Py_Importer.undent removes the lws of the first non-blank line of the node. I shall soon change py_i.indent so that it never generates Leo's escape convention:
- It will "promote" underindented comment lines.
- It will cause unit tests to fail for any underindented non-comment line.
Note: neither i.undent nor py_i.undent is the same as textwrap.dedent!
Splitting lines into nodes
gen_lines splits lines into nodes, generating nodes as necessary. Unlike other importers, indentation drives the py_i.gen_lines. Here, a node's indentation means vnode_info [p.v] ['indent']. Similarly for a node's kind.
Case 1: Organizer nodes: kind = 'org'
Organizer nodes contain lines outside of classes and defs. Organizer nodes also handle unusual indentation, including unusually indented class and def lines.
Rule 1: Organizer nodes never contain @others. Naturally, their ancestor nodes could contain @others. So add_lines and py_i.undent should just work for org nodes!
Rule 2:
Org nodes never contain children.
gen_lines sets the indentation of an org node to the indentation of its first non-blank line.
- A class or def line whose lws is less than or equal to the org node's indentation will end the org node.
- A class or def whose lws is greater than the indentation of the org node must reside completely within the org node. This rule is likely the only way of handling unusual indentation!
Case 2: class nodes: kind == 'class'
Most class definitions will occur outside of org nodes. All class nodes will contain an @others directive. The first non-blank line within the class determines:
- the lws of the @others directive and
- the indentation of the class node!
Rule 3: An org node must contain the entire range of an indented class or def that appears outside the range of any class or def node.

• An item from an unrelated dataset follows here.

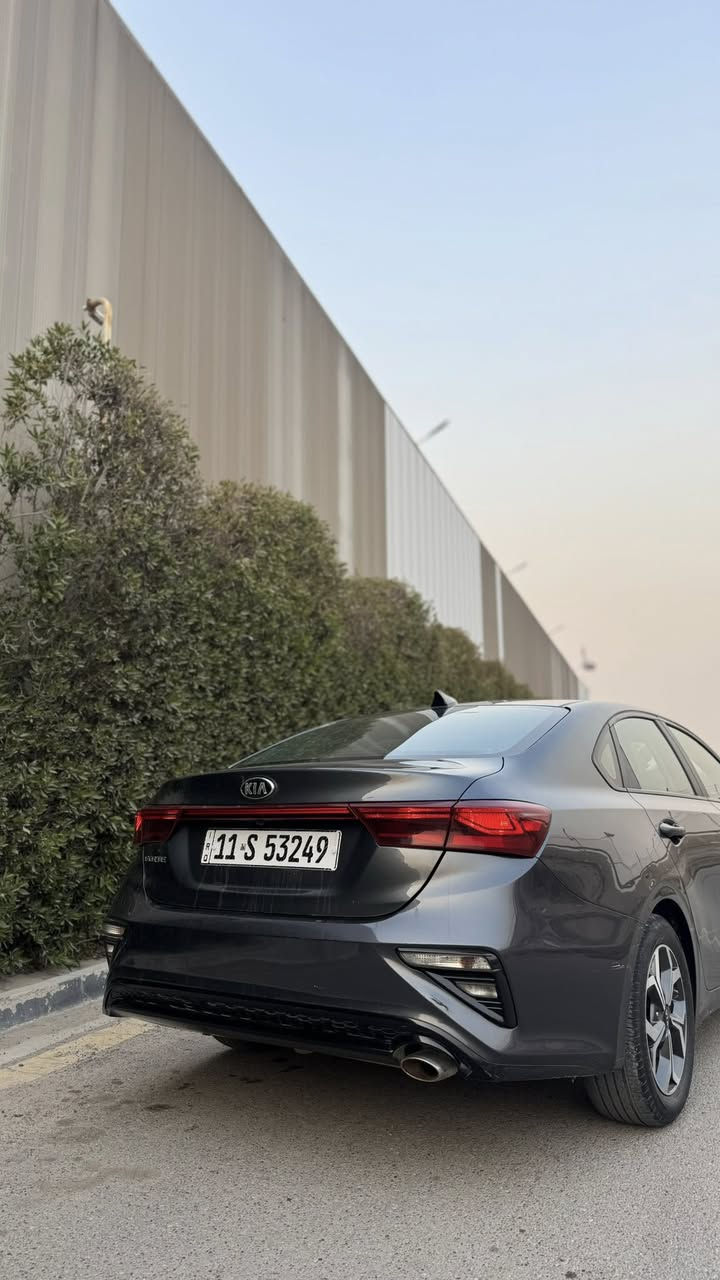 السلام عليكم

كيا فورتي 2021 ضررها قطعه وحده صبغ فقط البنيد بدون دواخل نص مواصفات السياره مواصفاتها معروفه ميحتاج نحجي عليها رقمها بغداد الدولي ب اسمي تحويل ثاني يوم وماشيه 48 الف فقط مكانها بغداد الدوره استفسار اكثر : ***********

As a consequence of python's syntax rules, a parent org node must
already exist. For example, an indented def or class line would be
invalid syntax unless it were already contained in a (top-level) complex
statement such as 'if', 'while', etc.
Case 3: def nodes: kind in ('function', 'method')
Rule 4: def lines without lws will generate function nodes.
Rule 5: Indented def lines appearing with the same indentation as a parent 'class' node will generate method nodes.
Rule 6: Indented def lines appearing at a greater indentation than a parent class node will be included within the containing method node. Imo, this is the only reasonable way of handling inner function definitions.
Rule 7: def lines appearing at a lesser indentation than a parent class node will terminate the class node. In most cases, the def line will then become a method of another parent class node. Per rule 3, if there is no such class node, the def line must be allocated to an already existing parent org node.
Summary
add_lines and undent_lines should work for all nodes, regardless of the node's kind. Happily, the vnode_info dict is available to all methods of the post-pass, if special cases are necessary.
gen_lines assigns an indentation to all generated nodes:
- For org nodes, the indentation is the lws of the first non-blank line.
- For class and def nodes, the indentation is the lws of the first non-blank line following the class or def line.
Unindented class or def lines always generate top-level class or function nodes.
Indented class lines generate class nodes if their lws match the indentation of a parent class node. Otherwise, the class must appear within an already existing org node.
Indented def lines generate method nodes if their lws match the indentation of a parent class node. Otherwise, the def line will appear in an enclosing function or method node. As a last resort, the def line must appear within an already existing org node.
These complex rules are likely buggy. I'll revise them as needed.
Edward